═════ ENTRIES SHOWN ═════

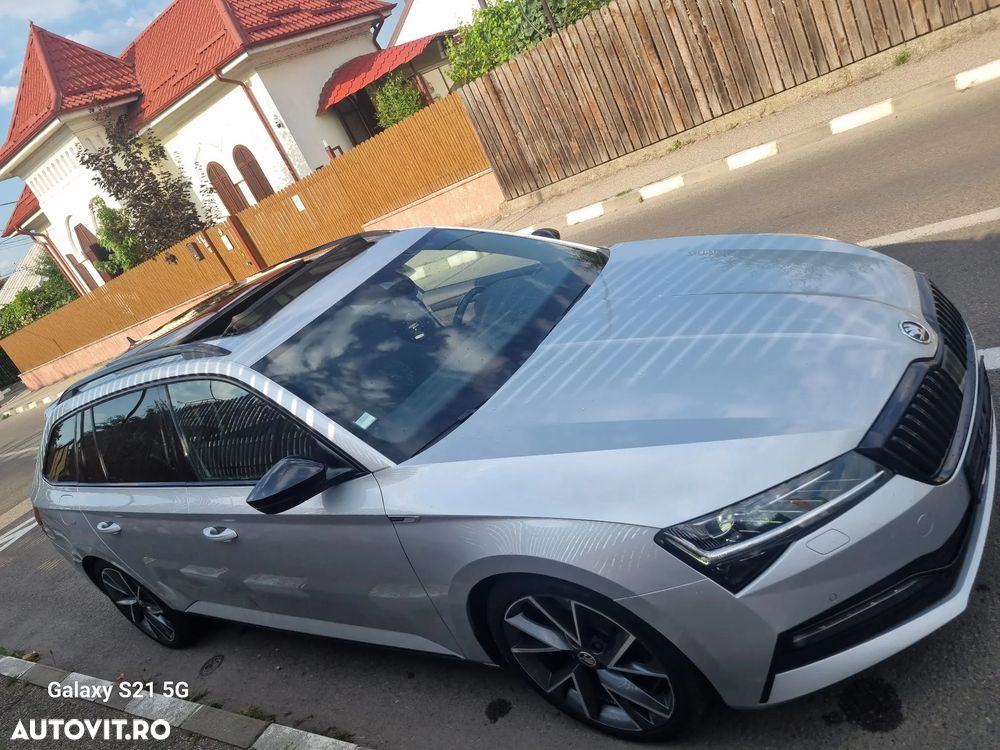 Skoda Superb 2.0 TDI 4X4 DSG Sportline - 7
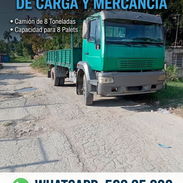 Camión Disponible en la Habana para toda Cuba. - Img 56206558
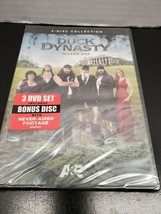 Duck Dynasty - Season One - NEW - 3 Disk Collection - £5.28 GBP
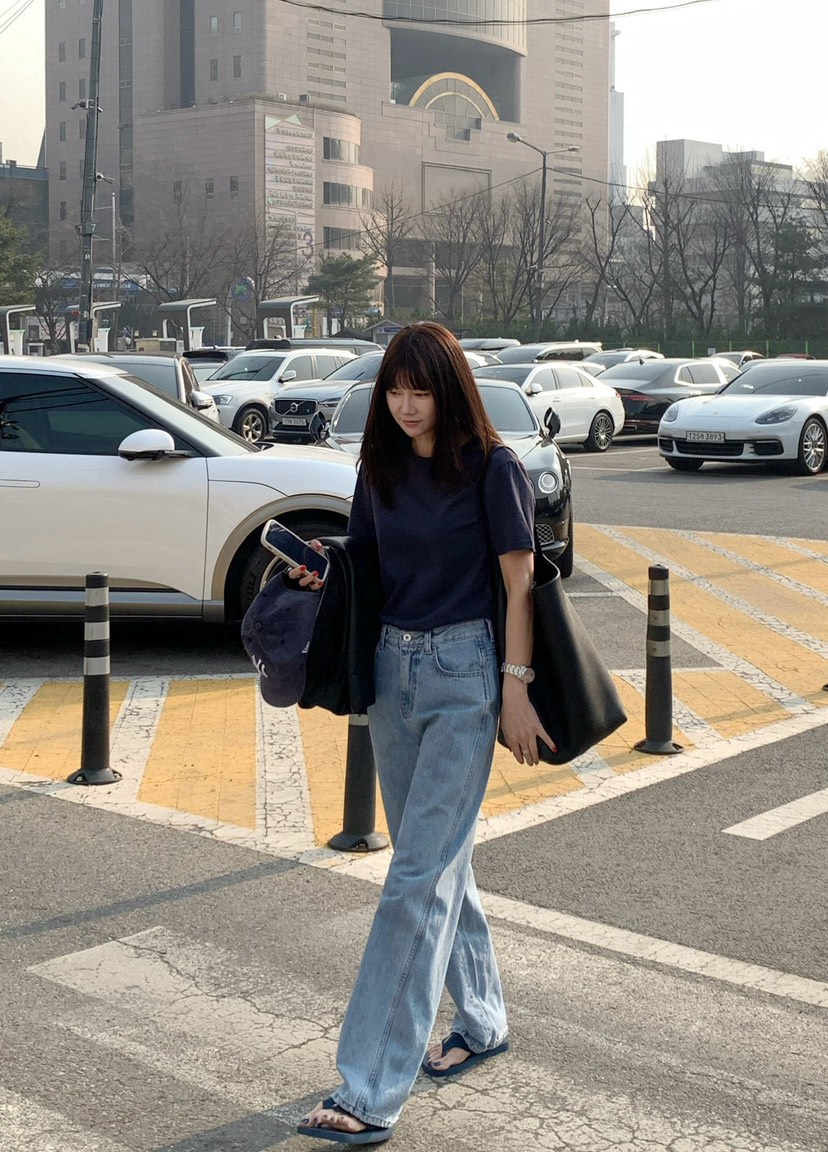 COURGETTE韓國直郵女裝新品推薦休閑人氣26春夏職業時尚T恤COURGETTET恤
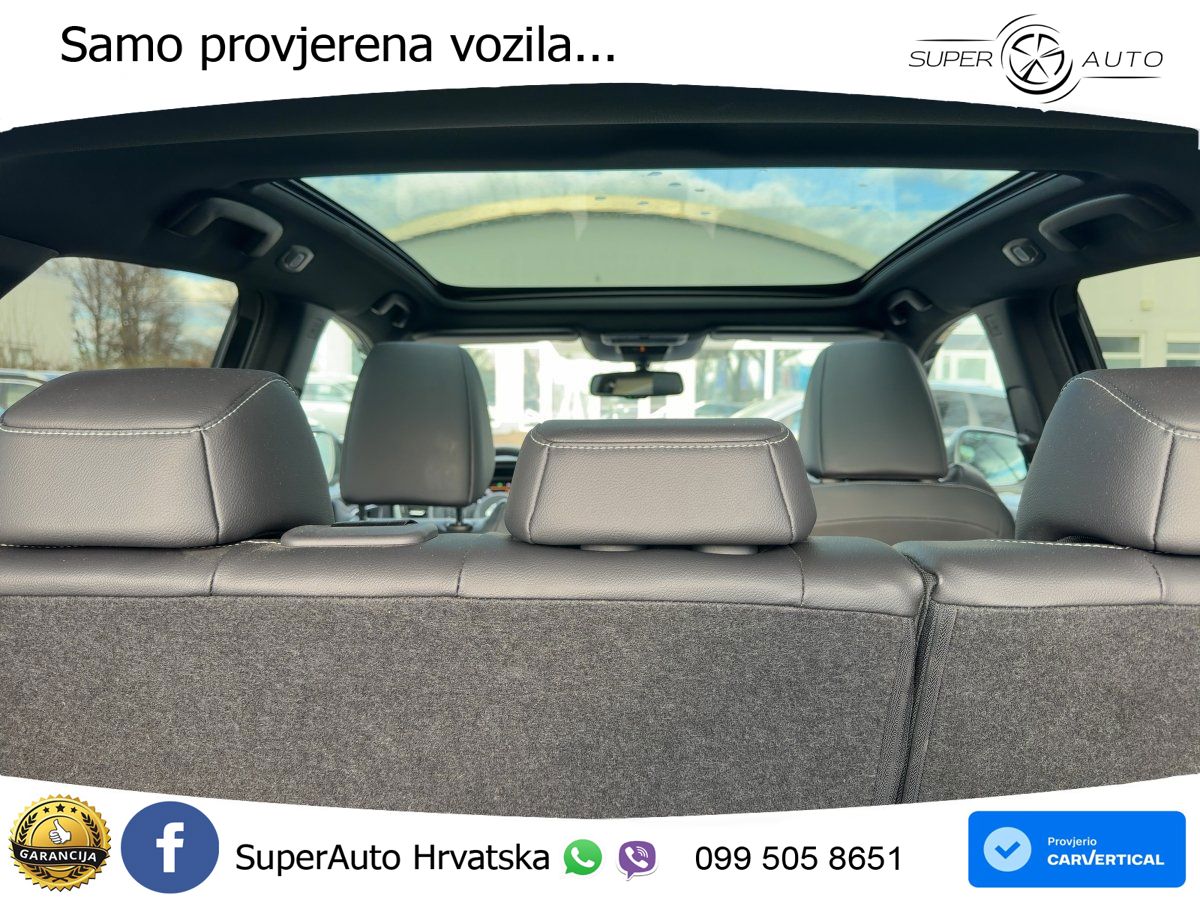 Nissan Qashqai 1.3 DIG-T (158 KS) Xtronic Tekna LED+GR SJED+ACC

═════

TASK TO COMPLETE.
Please repeat every record exactly as it stands, leaving out any pictures.

ANSWER SPACE.
 Skoda Superb 2.0 TDI 4X4 DSG Sportline - 7
 Camión Disponible en la Habana para toda Cuba. - Img 56206558
 Duck Dynasty - Season One - NEW - 3 Disk Collection - £5.28 GBP
 COURGETTE韓國直郵女裝新品推薦休閑人氣26春夏職業時尚T恤COURGETTET恤
 Nissan Qashqai 1.3 DIG-T (158 KS) Xtronic Tekna LED+GR SJED+ACC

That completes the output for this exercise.